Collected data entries
★ ★ ★
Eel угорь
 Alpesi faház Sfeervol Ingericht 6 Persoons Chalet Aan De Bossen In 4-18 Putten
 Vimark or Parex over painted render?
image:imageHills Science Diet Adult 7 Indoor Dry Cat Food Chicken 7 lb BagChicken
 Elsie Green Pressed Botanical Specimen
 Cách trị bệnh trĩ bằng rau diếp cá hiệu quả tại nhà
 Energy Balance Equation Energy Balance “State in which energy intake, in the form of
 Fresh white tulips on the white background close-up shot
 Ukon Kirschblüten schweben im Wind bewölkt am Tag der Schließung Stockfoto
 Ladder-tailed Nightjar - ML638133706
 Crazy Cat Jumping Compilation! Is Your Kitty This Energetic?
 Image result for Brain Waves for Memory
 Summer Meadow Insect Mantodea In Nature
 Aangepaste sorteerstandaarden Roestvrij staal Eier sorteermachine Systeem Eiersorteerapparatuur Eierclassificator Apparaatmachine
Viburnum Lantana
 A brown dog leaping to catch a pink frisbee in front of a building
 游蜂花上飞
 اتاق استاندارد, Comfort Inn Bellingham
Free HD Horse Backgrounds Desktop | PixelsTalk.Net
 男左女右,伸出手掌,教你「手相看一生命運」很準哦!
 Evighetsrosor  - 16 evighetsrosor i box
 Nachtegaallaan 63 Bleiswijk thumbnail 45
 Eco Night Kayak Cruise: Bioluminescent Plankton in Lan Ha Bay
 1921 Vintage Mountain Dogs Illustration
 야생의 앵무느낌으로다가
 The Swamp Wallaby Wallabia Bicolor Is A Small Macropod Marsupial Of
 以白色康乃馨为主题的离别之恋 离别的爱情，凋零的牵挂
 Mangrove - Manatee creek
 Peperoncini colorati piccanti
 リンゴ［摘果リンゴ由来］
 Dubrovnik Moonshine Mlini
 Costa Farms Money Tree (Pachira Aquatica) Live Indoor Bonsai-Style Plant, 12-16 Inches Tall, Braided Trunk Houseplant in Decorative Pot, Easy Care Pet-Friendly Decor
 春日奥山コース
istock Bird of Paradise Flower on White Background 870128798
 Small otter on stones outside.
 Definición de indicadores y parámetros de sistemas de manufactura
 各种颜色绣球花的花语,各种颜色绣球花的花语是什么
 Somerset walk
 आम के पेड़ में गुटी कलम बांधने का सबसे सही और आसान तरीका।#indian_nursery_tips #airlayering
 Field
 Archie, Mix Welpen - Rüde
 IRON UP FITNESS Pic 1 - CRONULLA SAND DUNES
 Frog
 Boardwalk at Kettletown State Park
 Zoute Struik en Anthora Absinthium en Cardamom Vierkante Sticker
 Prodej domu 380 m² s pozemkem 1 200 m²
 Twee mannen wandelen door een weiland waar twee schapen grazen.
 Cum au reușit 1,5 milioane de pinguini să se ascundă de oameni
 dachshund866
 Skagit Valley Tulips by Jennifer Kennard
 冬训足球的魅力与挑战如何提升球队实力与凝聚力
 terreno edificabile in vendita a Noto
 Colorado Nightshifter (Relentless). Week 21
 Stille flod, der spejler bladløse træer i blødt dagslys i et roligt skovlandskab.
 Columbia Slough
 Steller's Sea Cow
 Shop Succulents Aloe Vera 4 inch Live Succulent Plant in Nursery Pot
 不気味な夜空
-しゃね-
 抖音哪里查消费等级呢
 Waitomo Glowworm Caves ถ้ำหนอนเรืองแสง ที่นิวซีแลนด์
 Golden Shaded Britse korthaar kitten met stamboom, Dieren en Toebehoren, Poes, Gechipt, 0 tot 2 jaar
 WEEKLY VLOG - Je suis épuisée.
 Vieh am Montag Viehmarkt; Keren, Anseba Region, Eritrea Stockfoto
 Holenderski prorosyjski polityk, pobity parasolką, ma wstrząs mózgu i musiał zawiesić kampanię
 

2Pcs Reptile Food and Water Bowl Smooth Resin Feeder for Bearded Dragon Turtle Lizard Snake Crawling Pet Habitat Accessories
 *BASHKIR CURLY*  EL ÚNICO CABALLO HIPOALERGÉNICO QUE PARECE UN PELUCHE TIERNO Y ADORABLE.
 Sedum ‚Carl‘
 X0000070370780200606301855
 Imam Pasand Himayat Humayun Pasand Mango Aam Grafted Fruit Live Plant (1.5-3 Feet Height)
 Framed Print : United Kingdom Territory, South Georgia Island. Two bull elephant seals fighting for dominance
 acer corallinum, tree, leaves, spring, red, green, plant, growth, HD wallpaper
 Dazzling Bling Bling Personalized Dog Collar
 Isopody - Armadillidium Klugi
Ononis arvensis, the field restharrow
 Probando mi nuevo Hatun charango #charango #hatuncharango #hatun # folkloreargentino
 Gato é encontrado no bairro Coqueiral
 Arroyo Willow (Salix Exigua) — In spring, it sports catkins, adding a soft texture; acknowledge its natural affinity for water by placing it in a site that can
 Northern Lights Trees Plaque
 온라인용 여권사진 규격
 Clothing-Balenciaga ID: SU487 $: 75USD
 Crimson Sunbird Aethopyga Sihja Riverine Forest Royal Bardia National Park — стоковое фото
★ ★ ★
**YOUR OBJECTIVE**
Each line of the data that includes "Food" should be copied.

**RESPONSE TO THIS EXERCISE**
image:imageHills Science Diet Adult 7 Indoor Dry Cat Food Chicken 7 lb BagChicken
2Pcs Reptile Food and Water Bowl Smooth Resin Feeder for Bearded Dragon Turtle Lizard Snake Crawling Pet Habitat Accessories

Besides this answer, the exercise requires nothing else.